When the Leafs barely made the playoffs and then got slaughtered in the first two games in Detroit, it seemed whatever hype and hoopla had been created was fading fast. Then, the Leafs did something that nobody could have predicted. They made a series of it, and we were all glued to every second of it.
Twenty years. It is hard to believe that it has been 20 years. I was 28 when this happened. I thought I had lived so many years, so much of life. In fact, at times, it seemed my life was over. Like I had done so much, done as much as I needed to do. But in reality, I was barely getting started. Now, I am 48, and 28 seems like eons ago.
At the time this happened, it was not a good time in my life. I had a horrible job, no money and I barely went out at all. I had just survived two horrible job endings and I don't remember being happy 99% of the time. Like many, I looked forward to the weekends and loathed Monday morning and having to go to work. In many ways hockey was my salvation. At least I still had enjoyment out of that. And then it happened.
It was a magical time. A magical few weeks. And it seemingly came out of nowhere, and became something that no one could have even imagined it would be. One of those magic moments in your life when the most important thing came out of nowhere and just swallowed up the rest of your life. Like it didn't exist.
For many of us, it was all we thought of.

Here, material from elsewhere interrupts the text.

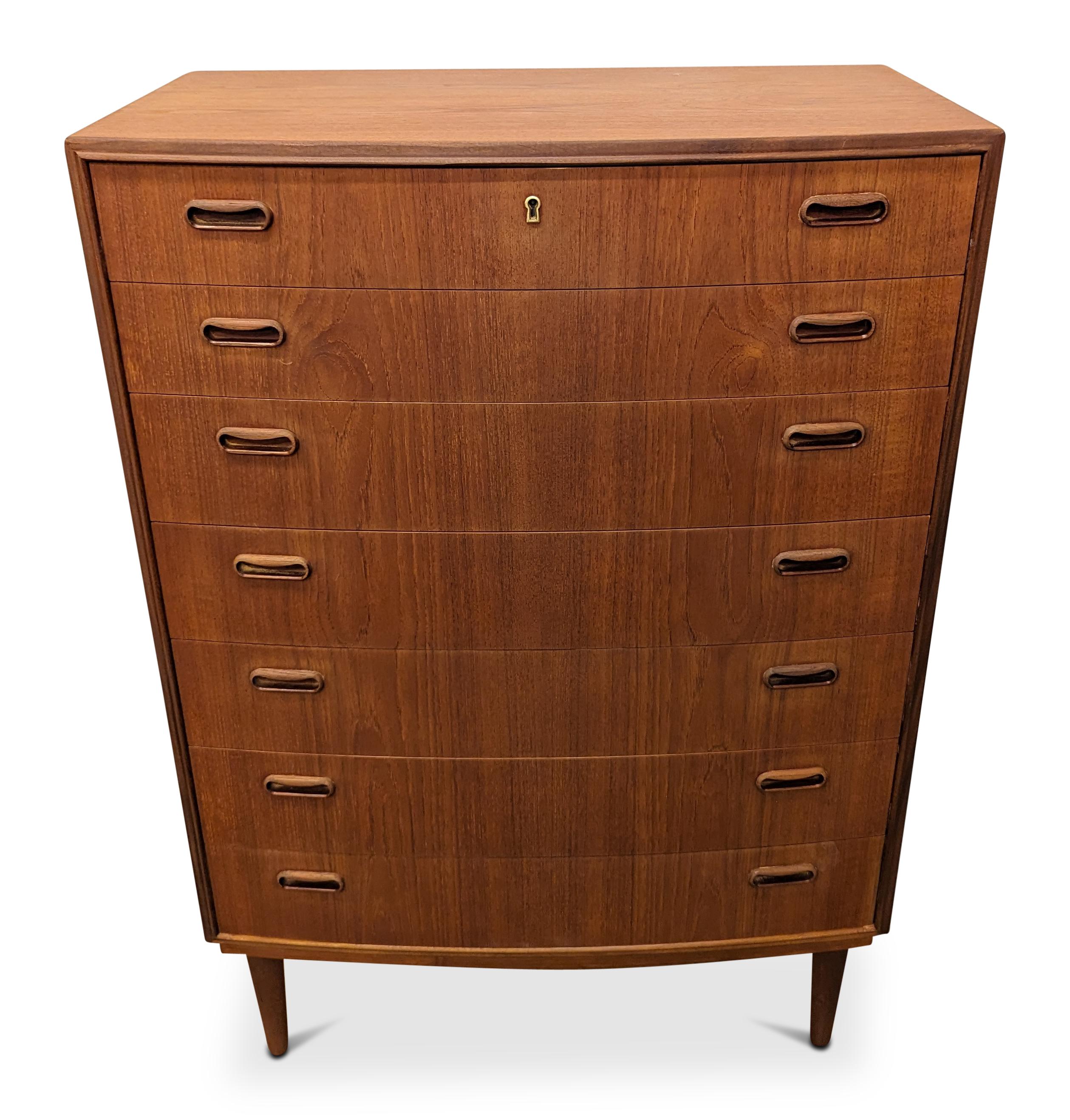 Vintage Danish Mid Century Teak Dresser - 122372 In Good Condition In Jersey City, NJ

Certainly, it was all anybody talked about.
It was when time seemed to stop. Every game was like the greatest game we had ever seen. Every game was a game we had to win. The losses were devastating. The wins were exhilarating. Life was a hockey roller coaster, and nobody wanted to get off the ride.

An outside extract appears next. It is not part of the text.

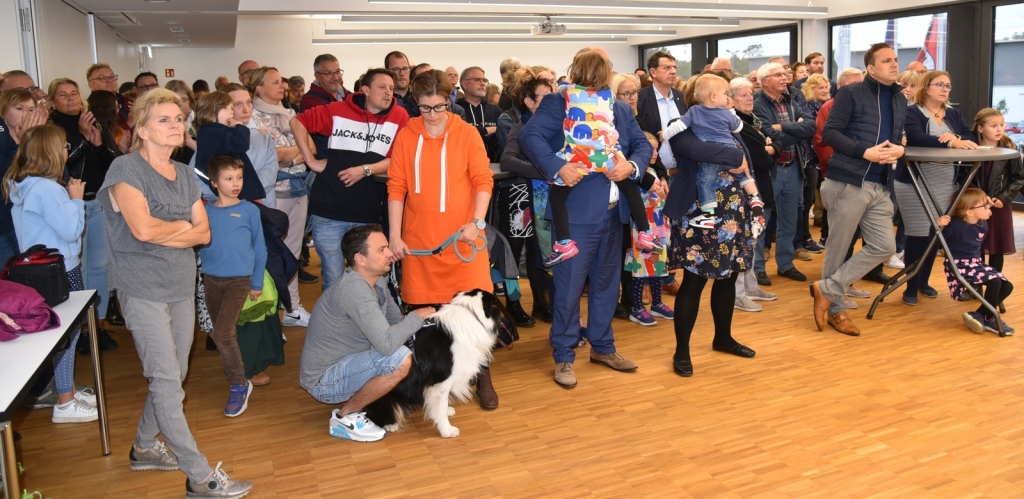 Großer Andrang im Rettungszentrum bei der Verkündung des Wahlergebnisses.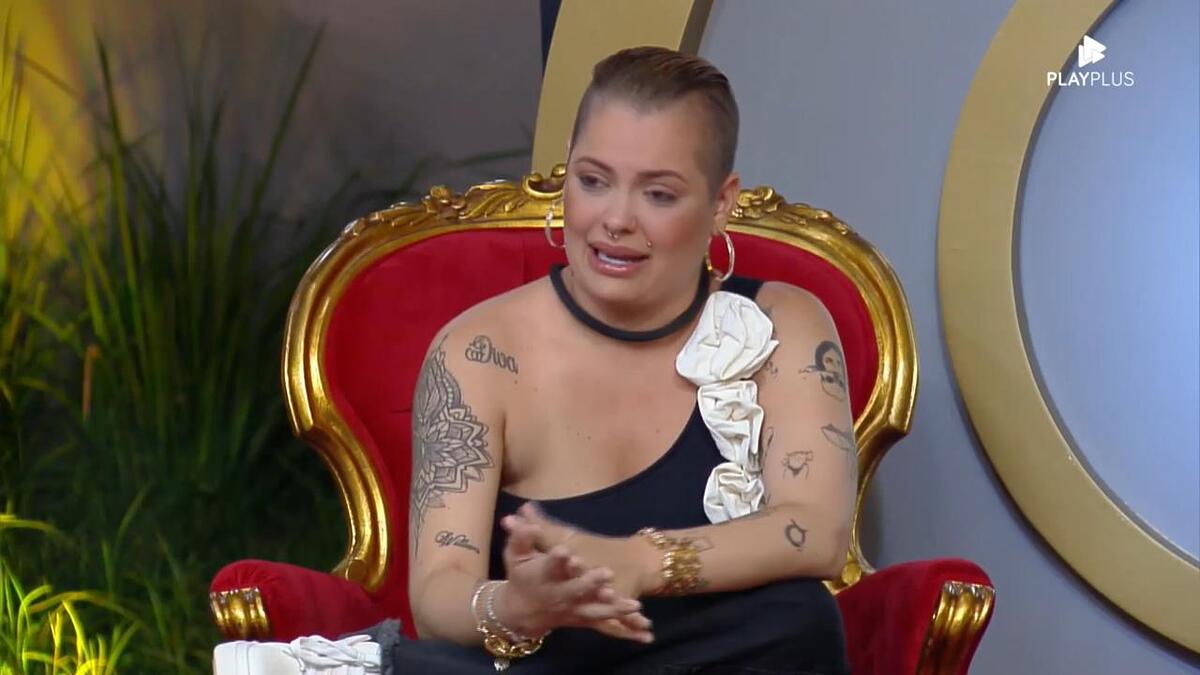 MC Mari chora na dinâmica de apontamento do AGC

They were two big moments and two great memories sandwiched around a whole bunch of things that happened in my life that spring.

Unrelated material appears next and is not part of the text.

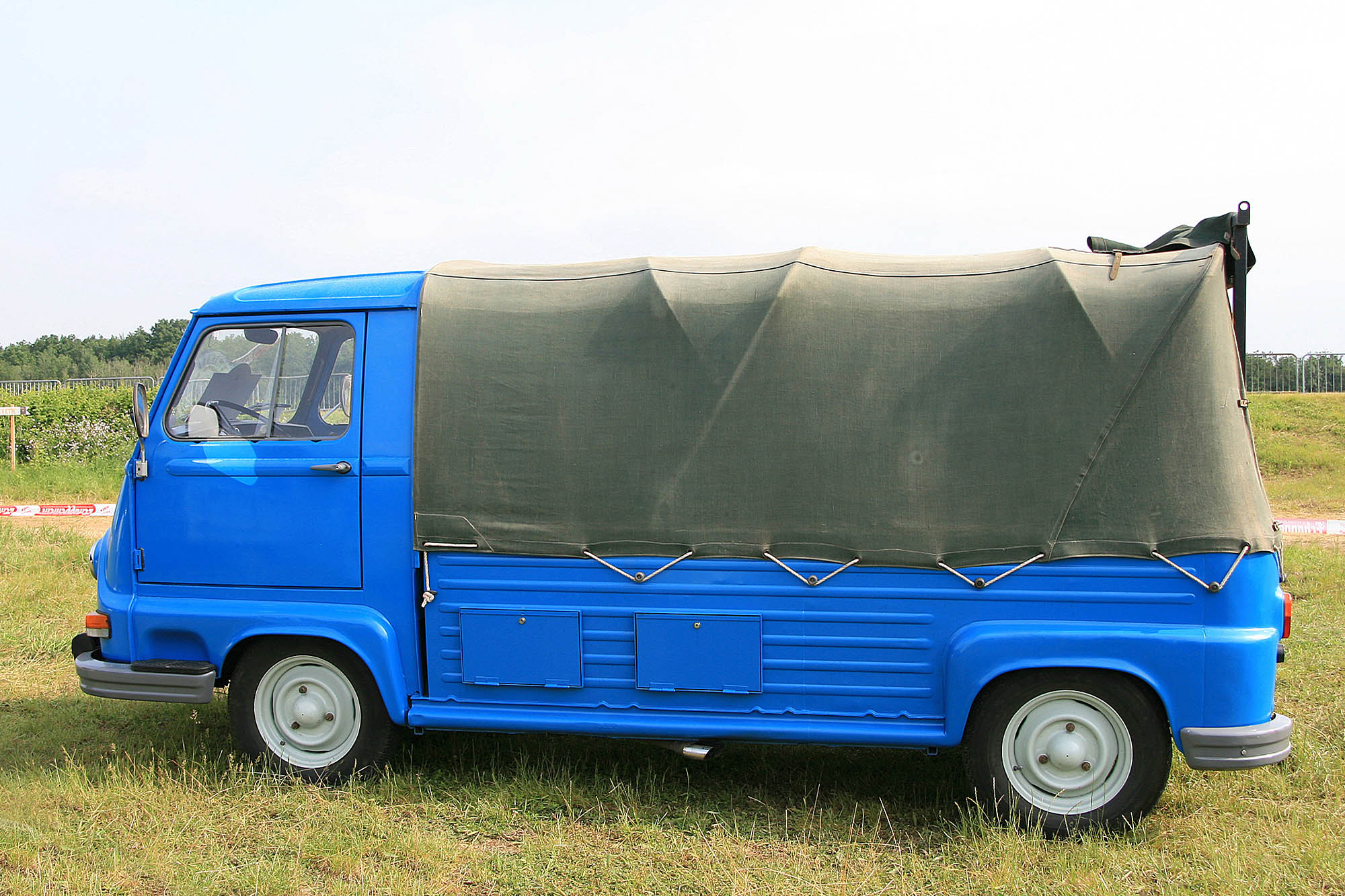 Renault Estafette 2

Something very special happened in that 6 weeks period in 1993, and I will not forget it for the rest of my life. It was just some hockey games, but it was so much more than that.
The moment when the Leafs came back in Game 7, down 3-1 with just a few minutes left, and then Nikolai Borschevsky
tipped in Bob Rouse's shot in overtime was a moment frozen in time for me. It still gives me chills and takes me back to that moment. I just played the clip, and I got those chills again, and the goosebumps. That feeling will never leave me as many times as I watch the clip for the rest of my life.
A couple of weeks later, when the Leafs played the St. Louis Blues in the next round, it happened again. At the same time my life was going nowhere but downhill, many of my friends were making their way. They all had great jobs, and three of them were getting married in that one month. One of them actually got married the night that the Leafs won an overtime game against the Blues, on the famous Gilmour wrap around goal.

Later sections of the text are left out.